Official data is not yet available but the May Day long weekend 
was probably quieter than last year. Overnight stays dropped 18 
percent in the first two months of this year. Nomura analysts 
estimate 16.2 million Chinese will come in 2017 - a 10 percent 
drop versus the 18 million who arrived in 2015.  
    Even those that do come are spending less. UBS analysts 
reckon as more affluent Chinese head elsewhere, spending per 
head by their countrymen in Hong Kong will drop, falling 7 
percent to HK$8,100 ($1,045) this year.  
    The big losers are global luxury brands like Prada  1913.HK  
and Burberry  BRBY.L , and local marques like Chow Tai Fook 
 1929.HK . The jewellery chain's first-quarter sales plunged 26 
percent in Hong Kong and nearby Macau.

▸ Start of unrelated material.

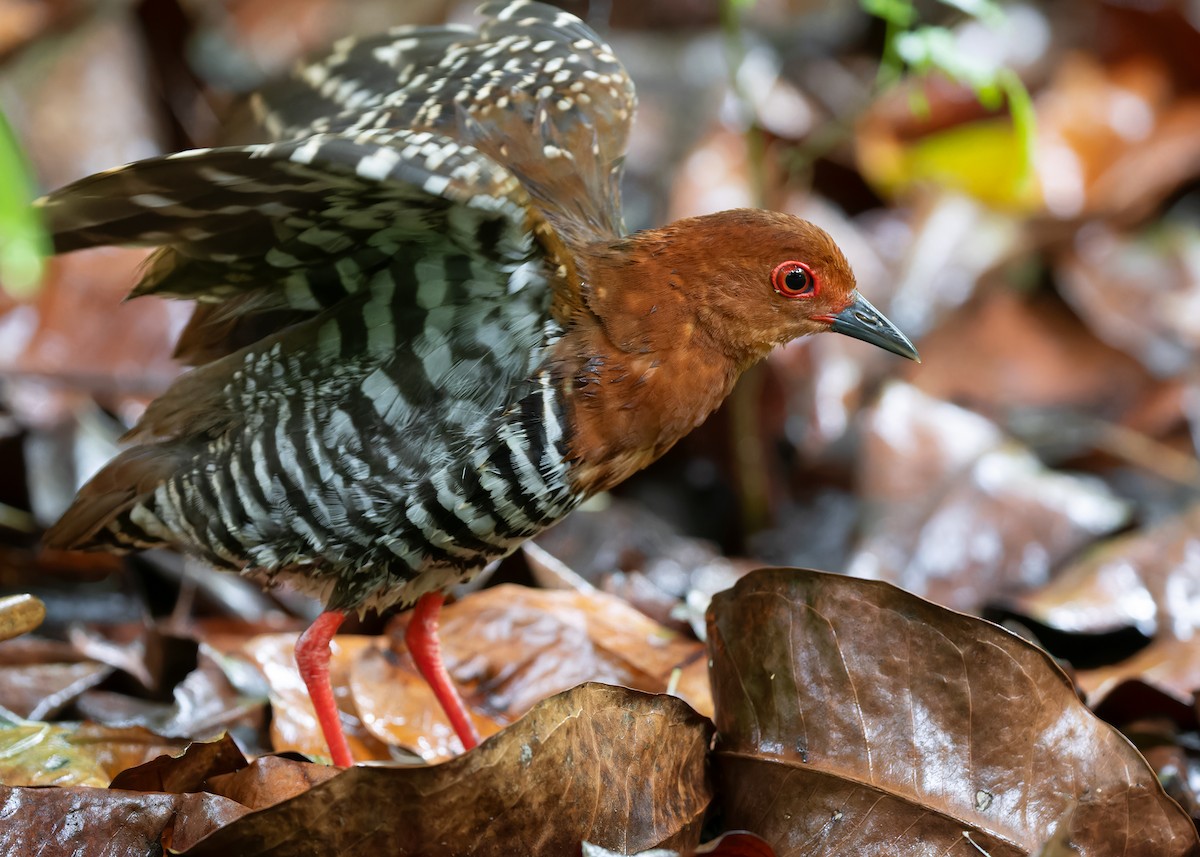 Kırmızı Ayaklı Kestane Yelvesi - ML583073841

Last week, Apple  AAPL.O  
blamed the Hong Kong dollar's peg to the U.S. currency for 
declining quarterly sales in the city.  
    As leases for rentals in chic shopping districts come due, 
the pain will spread to landlords, such as Wharf Holdings 
 0004.HK , which has shopping malls in areas once thronged by 
wealthy mainland tourists. In some cases, building owners will 
be forced to cut rents in half or more, according to some 
analysts.  
    There is not a whole lot Hong Kong can do to combat this. 

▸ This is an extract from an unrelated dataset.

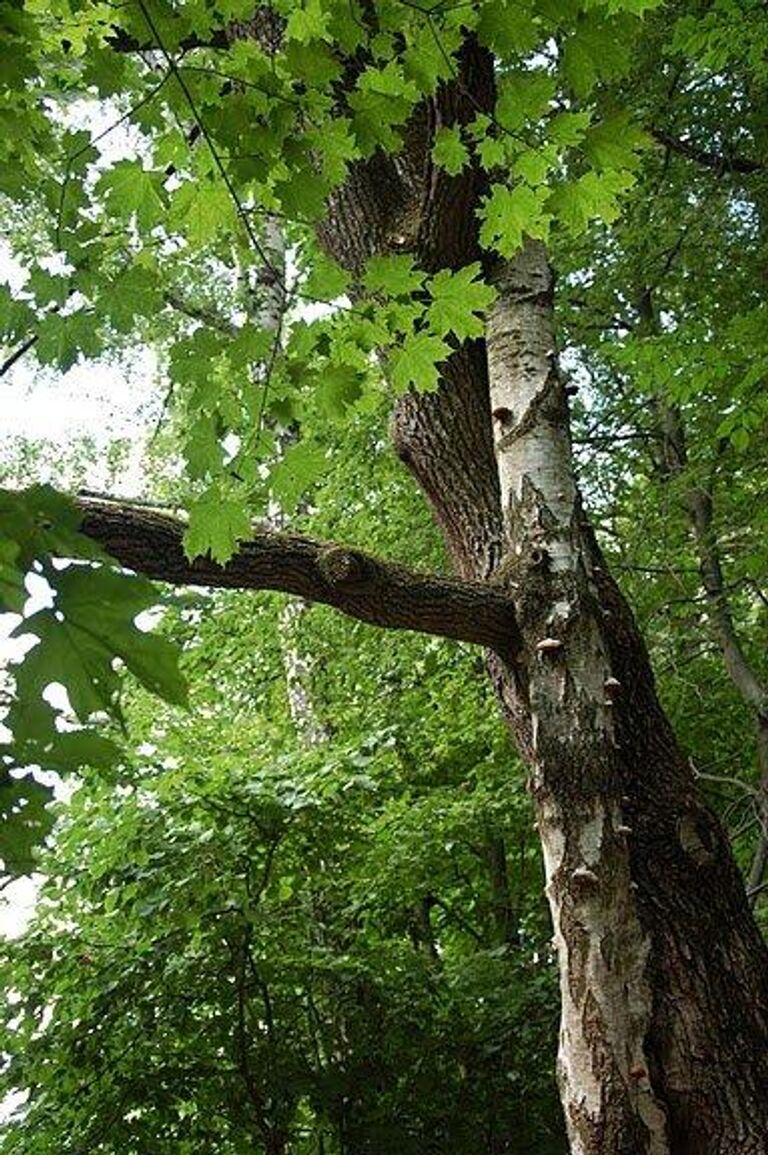 Дерево любви в музее-усадьбе Ясная поляна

The dollar peg is central to the city's financial architecture, 
so the currency will remain expensive. But, for example, Hong 
Kong could try harder to repair its reputation on the mainland, 
perhaps with an advertising blitz. It could also make it easier 
for more Chinese to visit individually, rather than in big tour 
groups. With stiffer competition for China's tourists, the giant 
mall of Asia needs to put out more welcome mats.  
 
    On Twitter https://twitter.com/RahulJJacob  
     
    CONTEXT NEWS 
    - Retail sales in Hong Kong fell 14 percent year on year in 
January and February, official figures show. Over the same 
period, overnight stays by Chinese visitors dropped 18 percent, 
according to the Hong Kong Tourism Board. 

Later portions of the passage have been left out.